Then there are the Indians. The ones who trusted no white man and the ones who learned to trust the white man and live in peace. They lived on the land and believed we owe much to mother earth. Which is something I still believe in as well and probably we could learn a lot from their ways to increase our going green lives.

I remember visiting the Smokey Mountains and seeing the saloon, taking pictures with real live Indians, seeing a gun fight in the middle of the street, one complete with fake bullets, but as a kid they seemed real to me. I loved it and as a young girl wanted to live like a cowgirl.

The movies made me believe this was an amazing life. Times were simpler and people often came to one another’s aide to mend what needed to be mended to insure the Wild West life continued.

Ah, such a wonderful thought. That is until I think about the items they didn’t have. No indoor plumbing. That’s a big one for me (who remembers her grandmother’s farm having an outside shower and oh yes, an outhouse).

Traveling to visit a friend could take days or even a week. Rough terrain complete with robbers, Indians who wanted scalps, and oh my god, snakes. I so don’t do snakes (sorry, different post). Washing your clothes wasn’t the easiest thing in the world either. After they made the soap (most often lye soap), they had to beat them against a rock or if they were lucky they had a board to beat them against, and then hang them in the sun to dry, all nice and…stiff.

So for me, yes, I still love the movies and the books that make it seem so romantic, but in reality I’ll take my internet, air condition/heating, and buying soap any ole day.

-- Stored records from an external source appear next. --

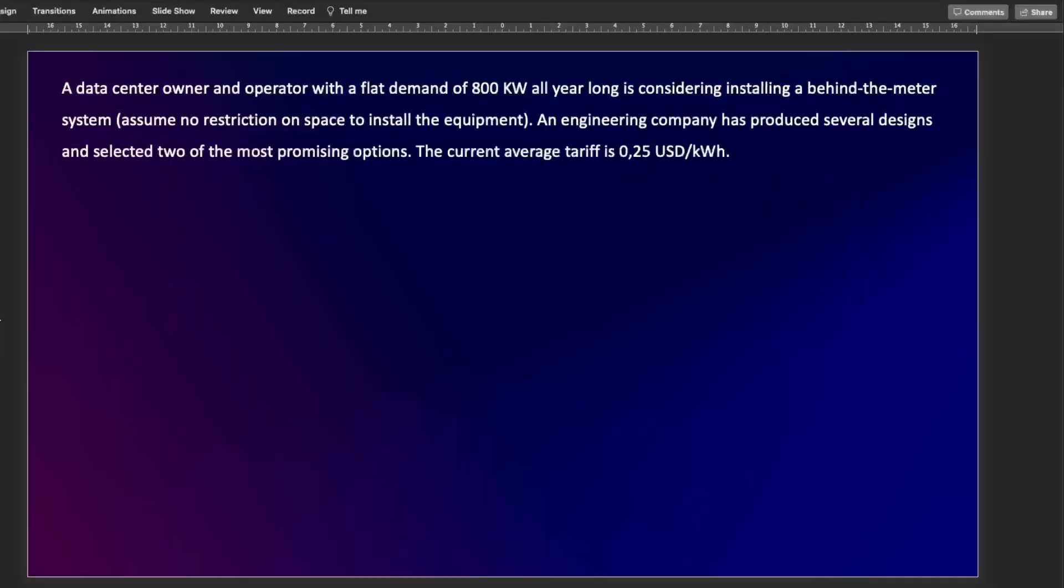Let's analyze the following example. A data center owner and operator with a flat demand of 800 kilowatts all year long is considering installing a behind-the-meter system. We're going to assume there is no restriction with space, and an engineering company has produced several designs and selected two of the most promising options. The current average tariff is 25 cents US dollar per kilowatt hour. Let's see now what the two options are.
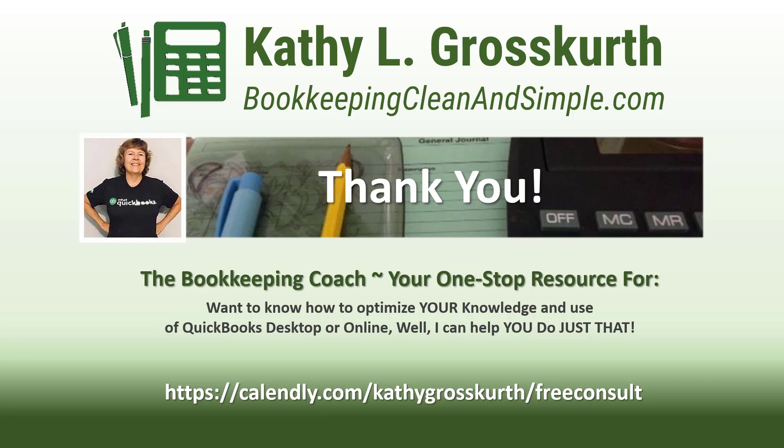My Calendly link is in the slide. Please use that to reach out to me to schedule a free 45-minute initial consult. I would love to talk to you about your QuickBooks desktop or online training needs. Again, have a wonderful day and until next time we'll see you soon. Take care.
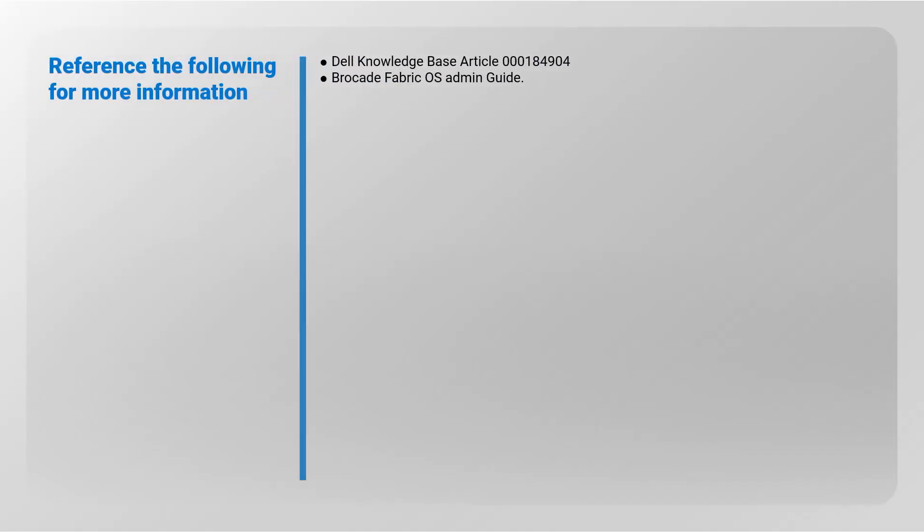Reference the following for more information: Dell Knowledge Base Article Number 184904 and Brocade Fabric OS Admin Guide.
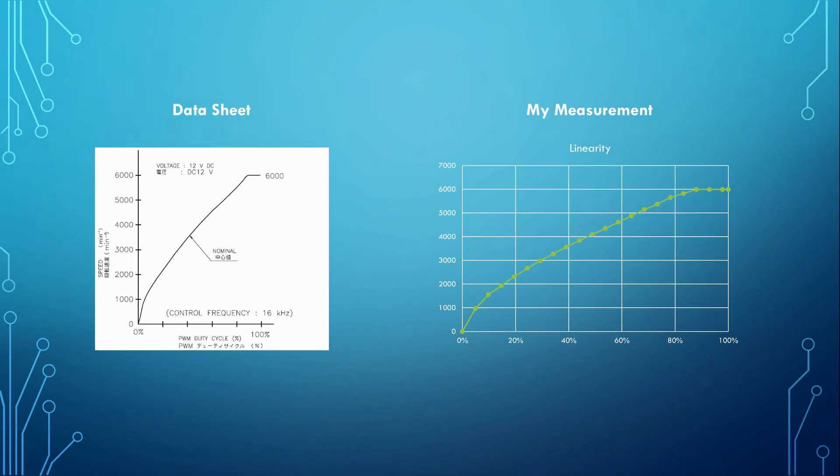But this curve is just true under constant conditions. If we change, for example, only the supply voltage by half a volt, the whole curve looks completely different. And if we put a probe into the wind tunnel, the same applies.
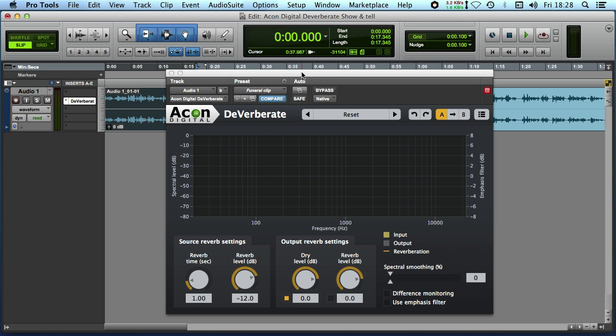Hi, it's Mike Thornton from Pro Tools Expert and today we're going to take a look at the Akon Digital De-Verberate.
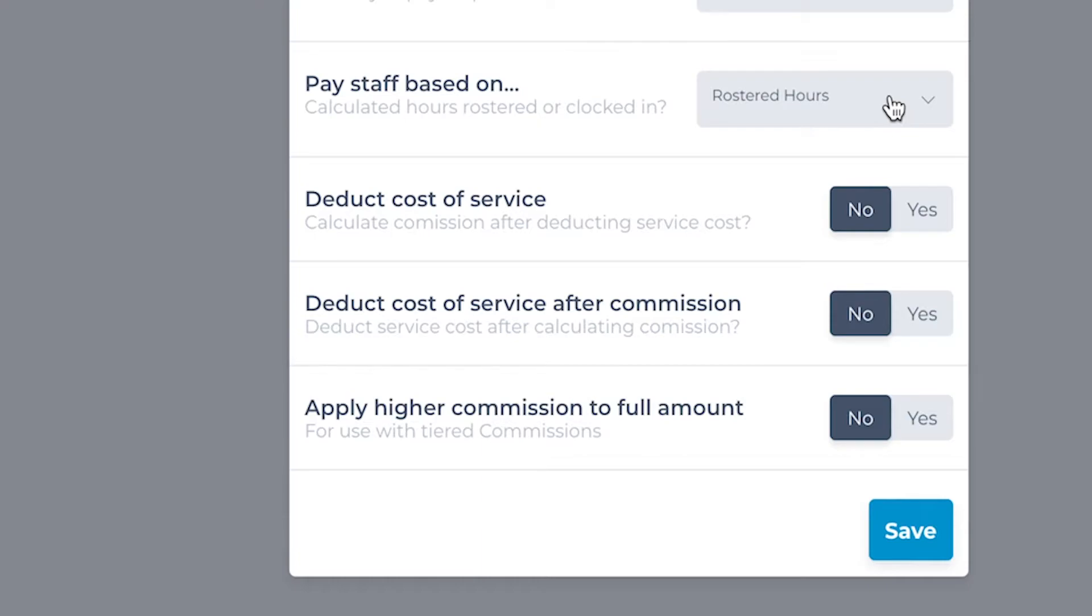For salons using commission in addition to a basic wage, the salon may provide the products to use within the services and potentially deduct a cost from the total commission. Although it's common for salons to have this cost factored into whichever the commission percentage or targets are.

Now writing about them? That’s, as they say, a horse of a different color. Nothing seems impossible and the heroine is more than happy to cook over an open flame, scrub the floors, and still manage to float down the stairs in a beautiful dress to greet her man. The hero never seems to smell bad regardless of how much labor he’s done without the help of Arrid extra dry, and even if he does, she doesn’t notice. Nope she’s running to meet him and the kiss as the sun is setting behind them heats the night to beyond belief.

Of course the stars lighting the night sky like a hundred thousand LED lights, while lightning bugs flitter around would make it beautiful. And really the scene in my head is so perfectly romantic.

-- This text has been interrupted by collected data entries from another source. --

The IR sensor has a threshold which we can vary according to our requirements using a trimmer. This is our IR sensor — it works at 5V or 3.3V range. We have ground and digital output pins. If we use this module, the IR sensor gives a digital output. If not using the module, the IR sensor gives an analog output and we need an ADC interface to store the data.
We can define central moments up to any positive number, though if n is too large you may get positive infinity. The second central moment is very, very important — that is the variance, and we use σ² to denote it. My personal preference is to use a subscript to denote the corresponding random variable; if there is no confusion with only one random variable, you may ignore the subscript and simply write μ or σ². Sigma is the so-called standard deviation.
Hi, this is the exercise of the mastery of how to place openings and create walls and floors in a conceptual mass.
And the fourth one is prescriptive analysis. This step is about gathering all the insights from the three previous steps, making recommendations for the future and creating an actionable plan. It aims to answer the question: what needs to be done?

Don’t get me wrong, I love the country, the wide open space, and seeing the sky without the aid of street lights. Traveling to town to buy groceries would be fine as long as I could get there within an hour or two and in an air conditioned truck. I would honestly trade my city life with that of more country if I could, but I’d still have the items we’ve come to love today.

What about you? Do you wish for the days of the cowboys or are you more of a citified person? 




8 Responses

  1. Ummm…both. I like the rural life. The air feels fresher, time slows down and there is something about the stars in the sky (so many!)

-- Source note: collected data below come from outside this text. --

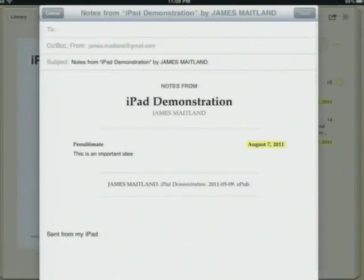I can email that to myself — it tells you whereabouts I've put some notes in the book.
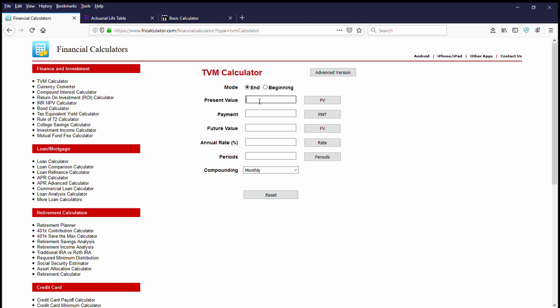Present value. In the present value column, we will enter $100,000. That obviously equates to the lump sum that we would be given from the company, and now we must invest this on our own and hopefully get a return that can sustain us for our lifetime.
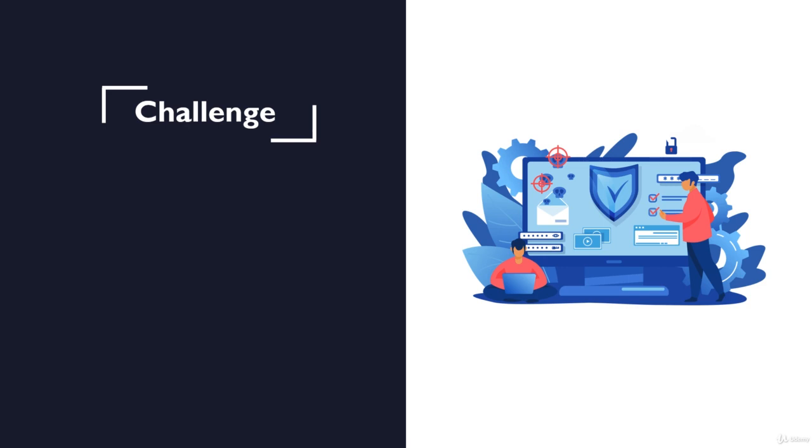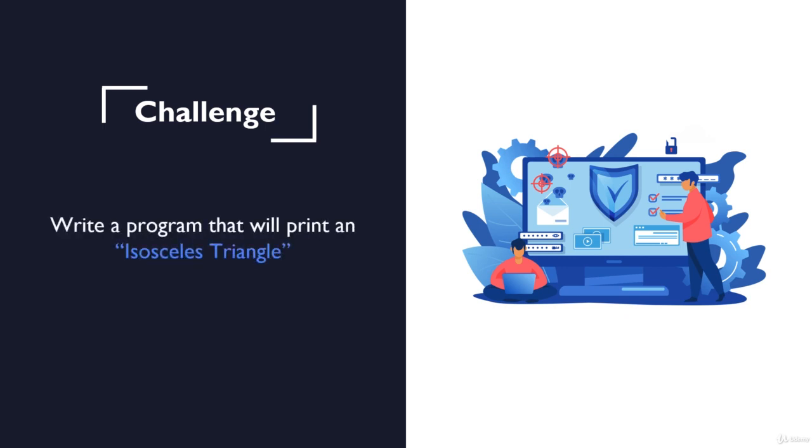So until now we've just worked with simple text, printing our full name and some other information, but now I want you to write a simple C program that all it does is printing an isosceles triangle just like this one.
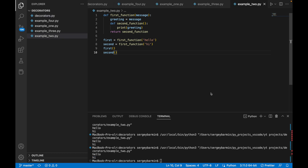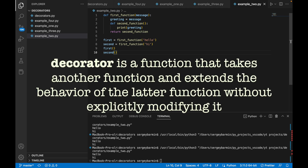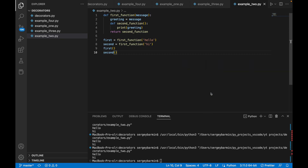Decorators are really similar to what we've done here. But what is a decorator? A decorator is a function that takes another function and extends the behavior of the latter function without explicitly modifying it. Let's upgrade our code.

    But I don’t want to live the way they lived without the amenities. Not really. I like toilet paper and paper towels. I like dish washers and fancy ovens. I like deodorant and clean sheets. And, Lord knows I love the air conditioning and heater.

    So, I’m pretty citified, but I do appreciate the country life upon occasion.

  2. As long as I have the amenities, I’m all good with the country. 🙂

  3. I fall on a good inbetween line. I’m far enough out that there are NOT street lights messing with my night sky and close enough that I can drive to town (bout 30minutes there, 30back) for those needed items like soap.

  4. I live 10 miles from my mailbox.
    65 miles from the closest Wal-Mart.
    40 miles from what would be considered a grocery store.
    I’m 9 miles from the nearest paved road.

    And I grew up in the city. Granted I rodeoed and rode horses growing up; and I love amenities, but I have learned to live w/out air conditioning, because we don’t have it. And really, here on the wide open plains of SD you don’t need it. You open the windows when the sun goes down and it’s cool enough by bedtime to sleep and listen to the coyotes howl, crickets chirp and the dogs bark at whatever dogs bark at at night. You can hear the wind whistling down the plain if you listen close enough, and the stars do sparkle like no one’s business.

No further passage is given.